Germany’s DAX, the benchmark stock index, achieved a record high as trading opened, displaying investors’ increasing confidence in imminent interest rate cuts that outweigh concerns about a potential recession in the country. The previous day saw the DAX closing at a record peak of 16,533 points, only to be surpassed on the following day at the market’s commencement. The index concluded the day 0.7% higher at 16,656 points, marking a new record.
Comprising the 40 most valuable companies in Europe’s largest economy, the DAX has experienced steady growth since late October. This ascent followed the revelation that inflation in the eurozone had significantly slowed, reaching its lowest point in over two years. The recent decline in inflation, coupled with the European Central Bank (ECB) board member Isabel Schnabel’s indication that further interest rate hikes are unlikely, has boosted investor expectations for rate cuts as early as March.
Investment strategist Lindsay James noted that the DAX’s positive trajectory is influenced by favorable news on inflation, with investors anticipating proactive measures by the ECB. The recent business surveys indicating a potential bottoming-out of Europe’s economy have also contributed to the index’s gains.
Despite these positive market movements, they appear at odds with the precarious state of the German economy, which lags behind other major regional economies. Germany’s GDP contracted by 0.1% in the third quarter, and industrial production in October marked the fifth consecutive month of decline.

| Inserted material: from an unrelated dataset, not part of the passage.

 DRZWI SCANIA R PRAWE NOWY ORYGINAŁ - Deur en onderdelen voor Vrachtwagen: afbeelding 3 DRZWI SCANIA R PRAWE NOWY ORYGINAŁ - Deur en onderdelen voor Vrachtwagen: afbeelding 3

Official data also revealed a 3.7% fall in industrial orders for October, challenging economists’ expectations.
Ben Ritchie, head of developed market equities at investment company abrdn, explained the divergence between the DAX and the German economy, citing the index’s constituents’ modest exposure to the domestic economy and falling energy prices that support profitability. He added that lower overall inflation has contributed to the recent strong performance of the index.
Volkswagen, Europe’s largest carmaker, played a significant role in Wednesday’s gains on the DAX, with its stock closing 5.4% higher. The company recently announced independent audit results of a jointly owned plant in China, dispelling indications of forced labor and addressing criticism over alleged human rights abuses.
The market’s resilience and optimism reflect a complex interplay of global economic factors, including monetary policy expectations and corporate performance, against concerns about specific national economic challenges.